**WORK REQUIRED:** Should an entry contain an image, omit it and repeat the rest exactly.

▼▼▼

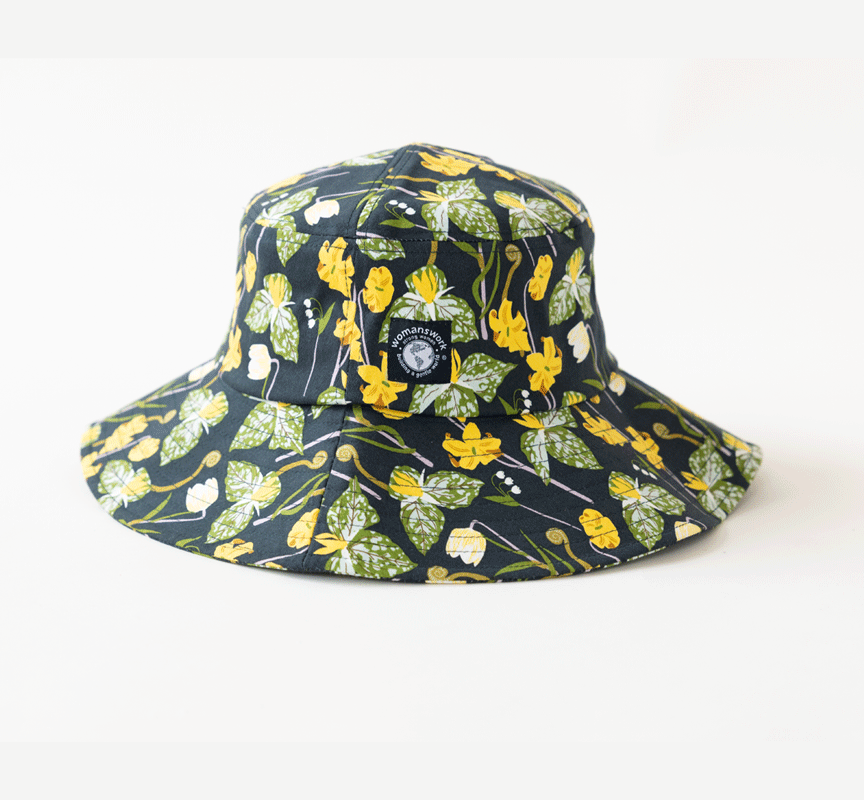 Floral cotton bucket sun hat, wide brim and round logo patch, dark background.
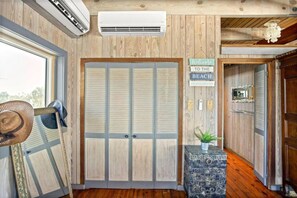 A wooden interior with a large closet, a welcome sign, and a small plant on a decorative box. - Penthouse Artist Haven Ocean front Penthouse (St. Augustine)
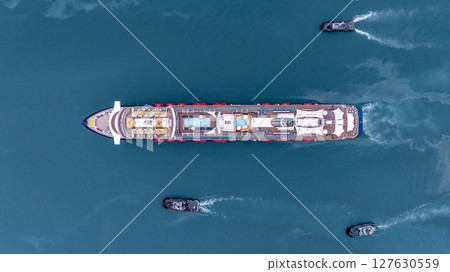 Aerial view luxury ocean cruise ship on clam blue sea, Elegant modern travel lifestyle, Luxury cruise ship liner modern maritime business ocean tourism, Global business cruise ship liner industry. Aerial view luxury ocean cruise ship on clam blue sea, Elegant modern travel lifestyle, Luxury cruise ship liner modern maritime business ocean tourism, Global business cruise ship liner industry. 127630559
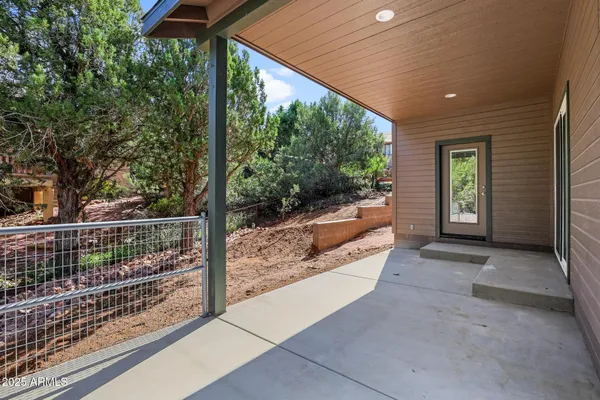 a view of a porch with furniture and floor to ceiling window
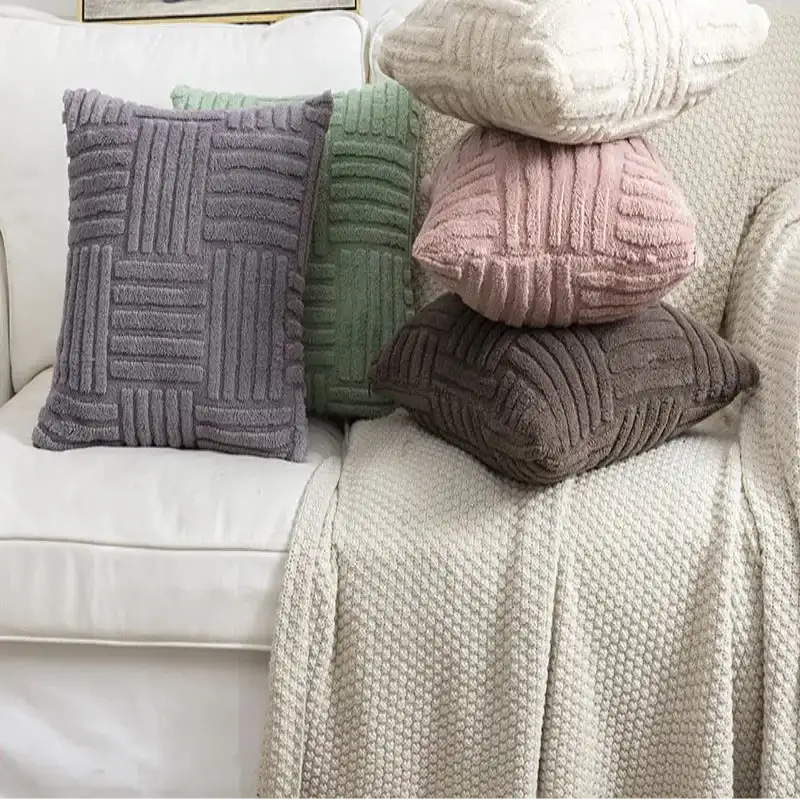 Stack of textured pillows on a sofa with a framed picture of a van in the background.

▲▲▲

**ANSWER SPACE:**
 Floral cotton bucket sun hat, wide brim and round logo patch, dark background.
 A wooden interior with a large closet, a welcome sign, and a small plant on a decorative box. - Penthouse Artist Haven Ocean front Penthouse (St. Augustine)
 Aerial view luxury ocean cruise ship on clam blue sea, Elegant modern travel lifestyle, Luxury cruise ship liner modern maritime business ocean tourism, Global business cruise ship liner industry. Aerial view luxury ocean cruise ship on clam blue sea, Elegant modern travel lifestyle, Luxury cruise ship liner modern maritime business ocean tourism, Global business cruise ship liner industry. 127630559
 a view of a porch with furniture and floor to ceiling window
 Stack of textured pillows on a sofa with a framed picture of a van in the background.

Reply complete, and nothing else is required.